» **Directions**
Using the records that follow, reproduce exactly the lines starting at the line containing "hi im ev in flaming text" and ending at the line containing "Постер: แฟนเก่า". Include both end lines and no pictures.

» **Extracted material**
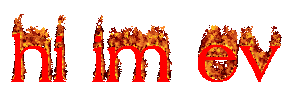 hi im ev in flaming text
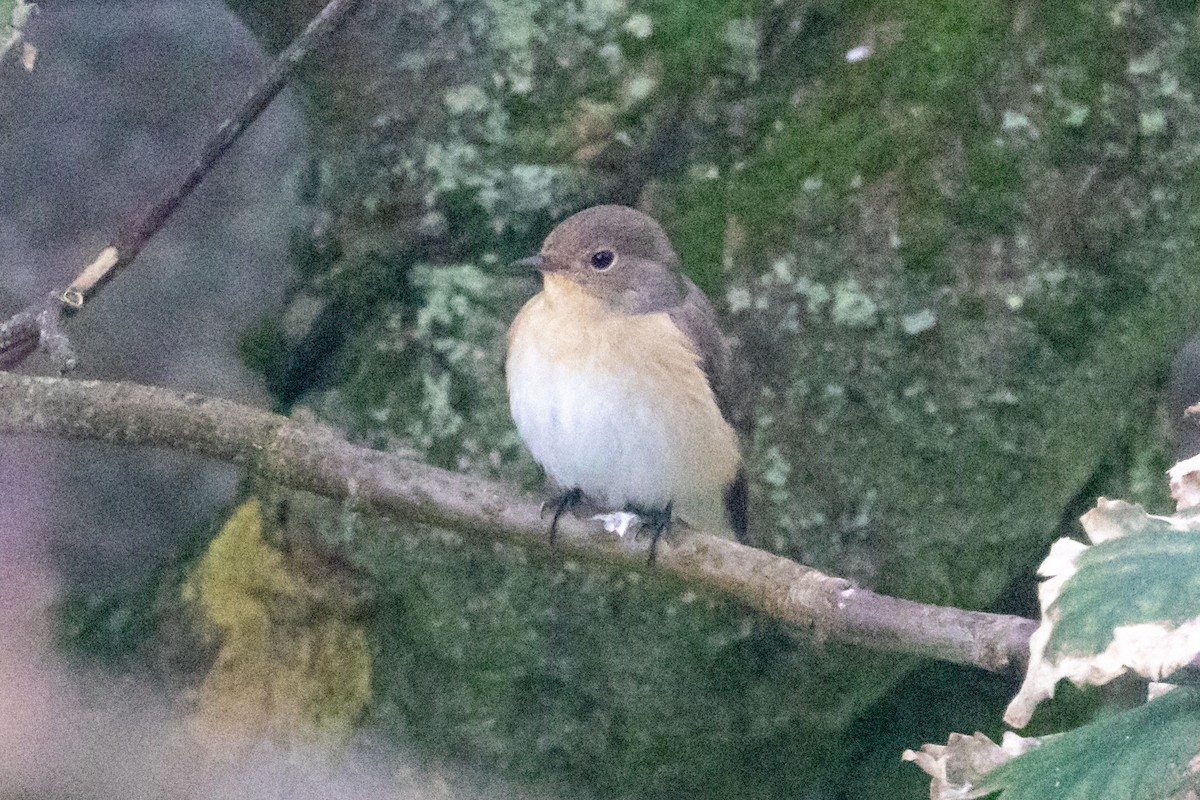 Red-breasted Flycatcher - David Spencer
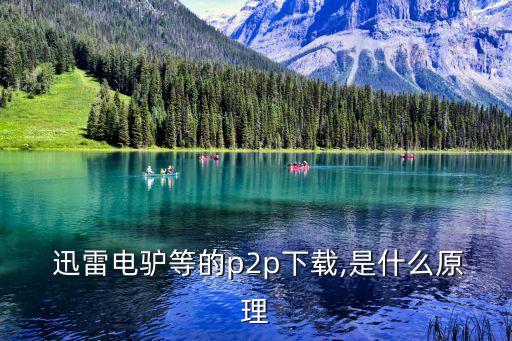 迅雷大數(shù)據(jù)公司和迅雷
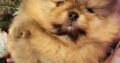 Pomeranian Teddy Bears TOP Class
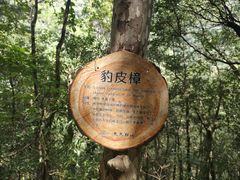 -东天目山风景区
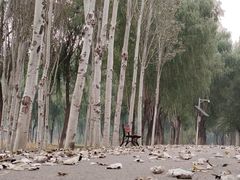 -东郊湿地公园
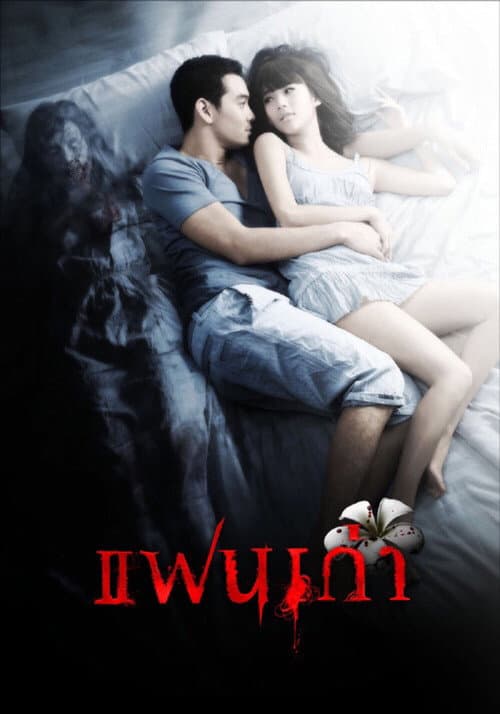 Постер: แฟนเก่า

...

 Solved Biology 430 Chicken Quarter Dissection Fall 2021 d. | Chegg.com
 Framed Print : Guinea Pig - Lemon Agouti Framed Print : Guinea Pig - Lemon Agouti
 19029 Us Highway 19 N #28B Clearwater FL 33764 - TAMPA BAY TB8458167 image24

* * *

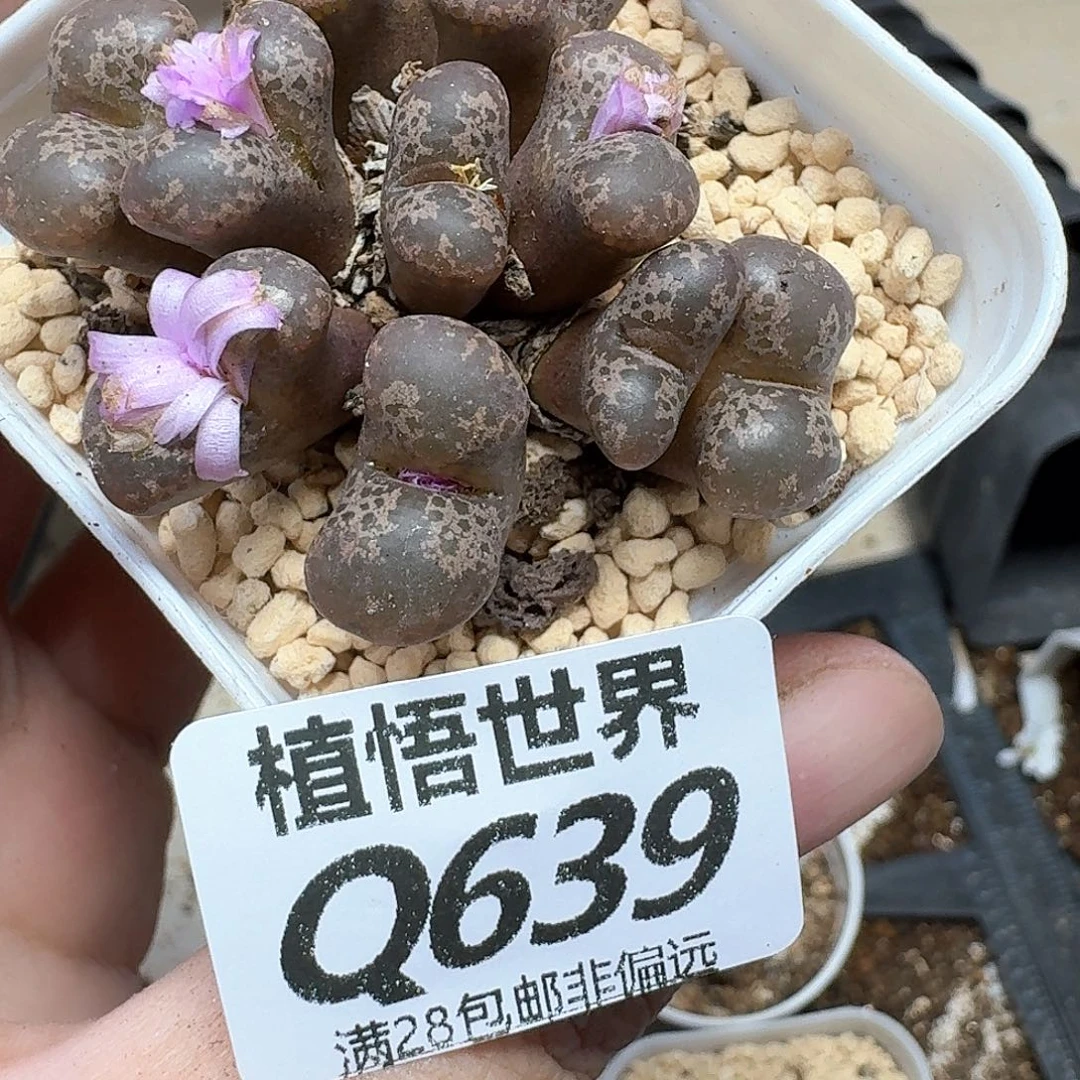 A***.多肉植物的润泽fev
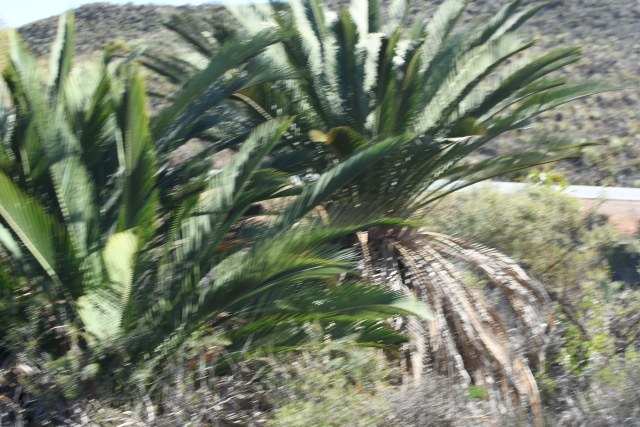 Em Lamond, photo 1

» **Response to this exercise**
 hi im ev in flaming text
 Red-breasted Flycatcher - David Spencer
 迅雷大數(shù)據(jù)公司和迅雷
 Pomeranian Teddy Bears TOP Class
 -东天目山风景区
 -东郊湿地公园
 Постер: แฟนเก่า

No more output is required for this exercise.